The only group to cry foul was Americans for Prosperity–Virginia, or AFP, which had opposed the P–Nats’ original plan to move to a new stadium in Woodbridge. That effort failed because it hinged on Prince William County issuing bonds and building the new facility.
Jacob Fish, the organization’s coalitions director, warned that professional sports stadiums are not the economic boon that developers promise, and taxpayer dollars would be better spent on such vital services as roads and schools.
“Sadly, turning to taxpayers to fund stadium construction has become the new national pastime for sports team owners,” he said. “But stadium subsidies always have and always will be a swing and a miss. AFP activists already struck out a taxpayer-funded stadium in Prince William County and we are mobilizing to get another out in Fredericksburg.”
City Council, which had struck out the last time it tried to bring a professional baseball team to the city, took another swing anyway, voting unanimously to approve a letter of intent with Potomac Baseball LLC, an affiliate of the P–Nats’ owners. It calls for the affiliate to finance, build and maintain a 5,000-seat stadium on property in Celebrate Virginia South.
No money or bonds would be borrowed from the city, which would be considered an “anchor tenant” of the stadium in exchange for an annual payment to the club of $1.05 million for 30 years.

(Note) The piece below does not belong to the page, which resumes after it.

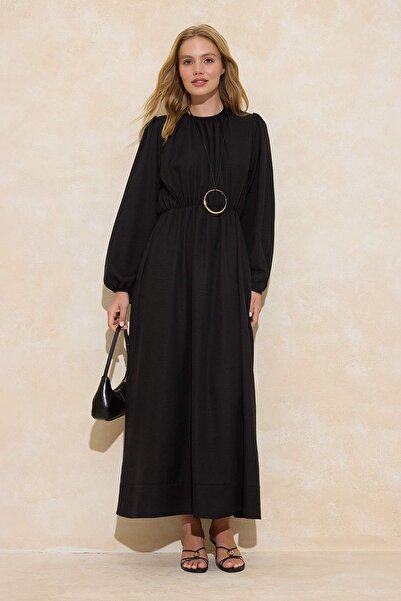 Trendyol Modest Black Elastic Waistband Lace-Up Woven Linen Look Dress Tctss2...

Having a team’s owners privately finance a stadium is rare, said Bill Freehling, the Fredericksburg Department of Economic Development and Tourism director. He said the city plans to cover its commitment through proceeds generated by the stadium.
These proceeds are estimated to include $700,000 from tax revenue generated by the stadium through property taxes, admissions, sales, meals and business license taxes and $250,000 generated through the use of the stadium on up to 183 non-game days.
These would include the Celebrate Virginia After Hours concert series, which would move to the new stadium. Other potential non-baseball uses include holiday activities such as a skating rink and a holiday lights display as well as food festivals, music festivals, sports tournaments and corporate events.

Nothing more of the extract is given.